Parecer em Ação Direta de Inconstitucionalidade

 

Processo n. 176.012-0/5-00

Requerente: Prefeito Municipal de Jundiaí

Objeto: Lei n. 7.192, de 17 de novembro de 2008, do Município de Jundiaí

 

Ementa: Ação direta de inconstitucionalidade. Lei n. 7.192/08 do Município de Jundiaí. Responsabilidade civil objetiva por furto, roubo e dano em veículos usuários do estacionamento rotativo e remunerado em vias e logradouros públicos mediante indenização tarifada por percentuais diferenciados conforme o menor valor do bem. Iniciativa parlamentar. Violação do princípio da separação de poderes. Matéria da reserva de administração, ainda que não constitua serviço público, mas, utilização privativa, remunerada e transitória de bem público de uso comum do povo. Ofensa aos princípios da igualdade e da razoabilidade. Procedência da ação.

 

Colendo Órgão Especial,

Douto Relator:

 

1.                Trata-se de ação direta de inconstitucionalidade impugnando a Lei n. 7.192, de 17 de novembro de 2008, do Município de Jundiaí, que, alterando a Lei n. 5.654, de 2001, estabelece medidas de reparação dos danos de proprietários de veículos automotores usuários do sistema de estacionamento rotativo. Alega-se ofensa aos arts. 5º, 47, XVIII, e 144 da Constituição Estadual (fls. 02/09). Deferida liminar suspendendo a eficácia da lei (fl. 24), vieram informações (fls. 31/32).

2.                Merece ser julgada procedente a ação.

3.                A Lei n. 7.192, de 17 de novembro de 2008, alterou o art. 2º da Lei n. 5.654, de 13 de agosto de 2001, acrescentando-lhe o § 3º que prevê a responsabilidade da empresa operadora pela reparação nos casos de dano, furto e roubo, e em seus incisos valores diferenciados de indenização tomando por base o valor de mercado do veículo, bem como o § 4º que exonera a obrigação se houver seguro voluntário.

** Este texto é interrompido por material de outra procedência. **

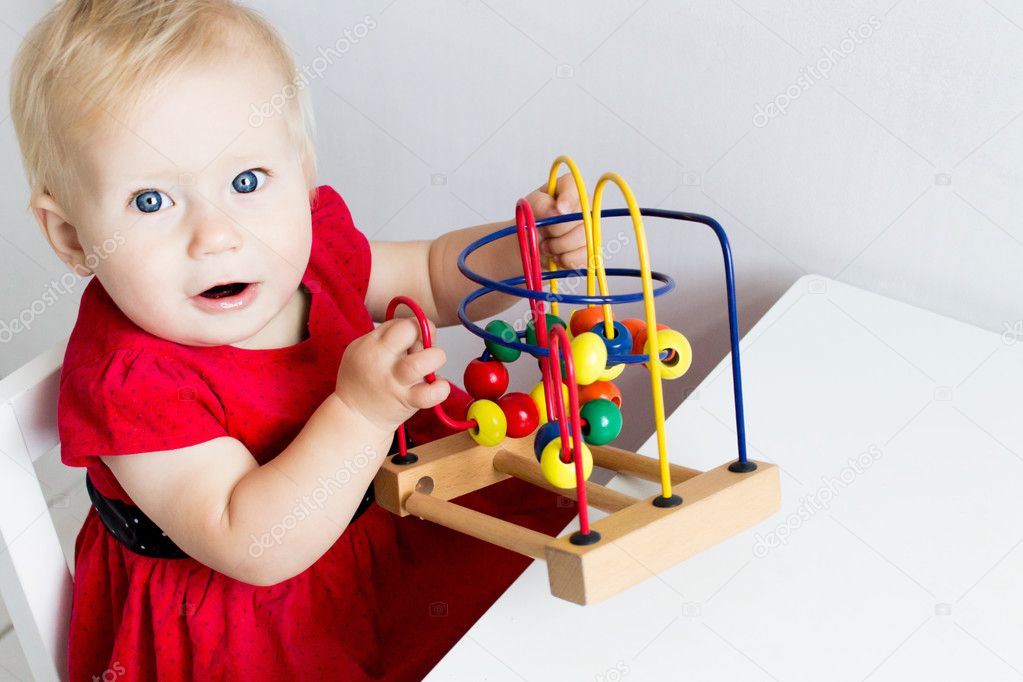 Baby Playing with a Developing Toy. Copy Space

4.                A lei é fruto de iniciativa parlamentar.

5.                A Lei n. 5.654, de 13 de agosto de 2001, criou nas vias e logradouros públicos áreas de estacionamento rotativo, destinadas a veículos automotores, mediante remuneração.

6.                Não há indicação nos textos legais locais da possibilidade da delegação dessa atividade a particular. Isso descarta a análise de matéria de fato no âmbito estreito do controle objetivo e abstrato de constitucionalidade, não obstante a potencial perspectiva dessa questão à luz dos arts. 117 e 119 a 121 da Constituição Estadual.

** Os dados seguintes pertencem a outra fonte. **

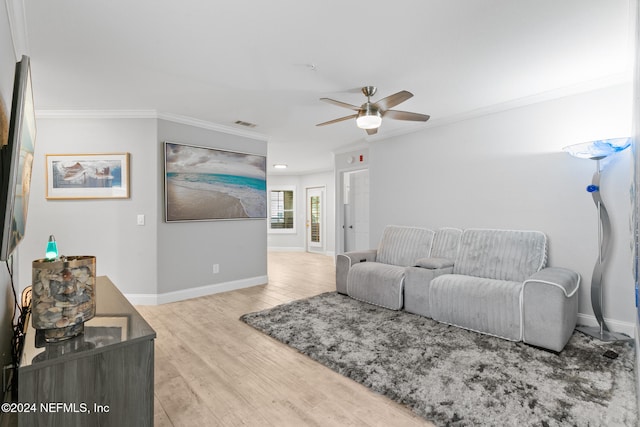 living room featuring hardwood / wood-style flooring, ceiling fan, and crown molding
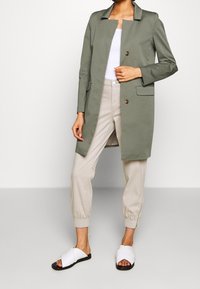 Olivově zelený dlouhý kabát s výstřihem, dvěma knoflíky a bočními kapsami, kombinovaný s béžovými kalhotami a bílými klouzavými sandály.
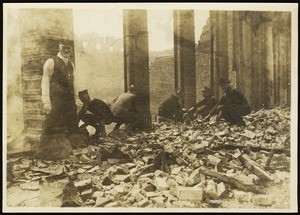San Francisco earthquake damage, showing people placing dynamite among the ruins, 1906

7.                Não se afigura violação do princípio da separação dos poderes, mediante desrespeito ao mecanismo de iniciativa legislativa reservada, porque não versa a lei sobre serviço público.

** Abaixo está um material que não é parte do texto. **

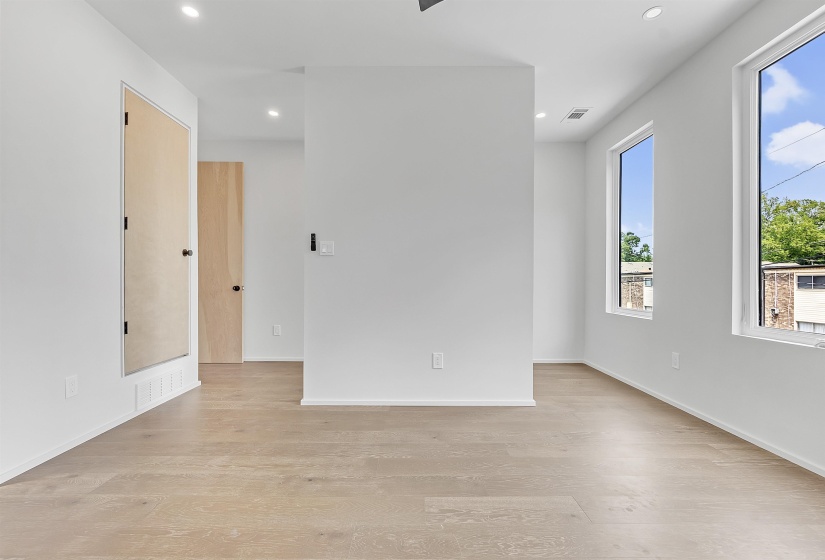 Empty room featuring light wood-style floors, recessed lighting, and baseboards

8.                Com efeito, o estacionamento remunerado rotativo em vias e logradouros públicos reflete o exercício da gestão administrativo-patrimonial sobre a utilização privativa de bens públicos de uso comum do povo. E sob este ângulo, denota-se a violação ao princípio da separação dos poderes pela usurpação da reserva da administração, perceptível dos incisos II e XIV do art. 47 c.c. o art. 5º, da Constituição Estadual, aplicável aos Municípios por força de seu art. 144.

9.                Recente julgado deste colendo Órgão Especial ressalta a importância do princípio da reserva de administração no contexto da separação de poderes (TJSP, ADI 172.331-0/1-00, Rel. Des. Walter de Almeida Guilherme, v.u., 22-04-2009), bem explicado pelo Ministro Celso de Mello:

“O princípio constitucional da reserva de administração impede a ingerência normativa do Poder Legislativo em matérias sujeitas à exclusiva competência administrativa do Poder Executivo. É que, em tais matérias, o Legislativo não se qualifica como instância de revisão dos atos administrativos emanados do Poder Executivo. Precedentes. Não cabe, desse modo, ao Poder Legislativo, sob pena de grave desrespeito ao postulado da separação de poderes, desconstituir, por lei, atos de caráter administrativo que tenham sido editados pelo Poder Executivo, no estrito desempenho de suas privativas atribuições institucionais.  Essa prática legislativa, quando efetivada, subverte a função primária da lei, transgride o princípio da divisão funcional do poder, representa comportamento heterodoxo da instituição parlamentar e importa em atuação ultra vires do Poder Legislativo, que não pode, em sua atuação político-jurídica, exorbitar dos limites que definem o exercício de suas prerrogativas institucionais” (STF, ADI-MC 2.364-AL, Tribunal Pleno, Rel. Min. Celso de Mello, 01-08-2001, DJ 14-12-2001, p. 23).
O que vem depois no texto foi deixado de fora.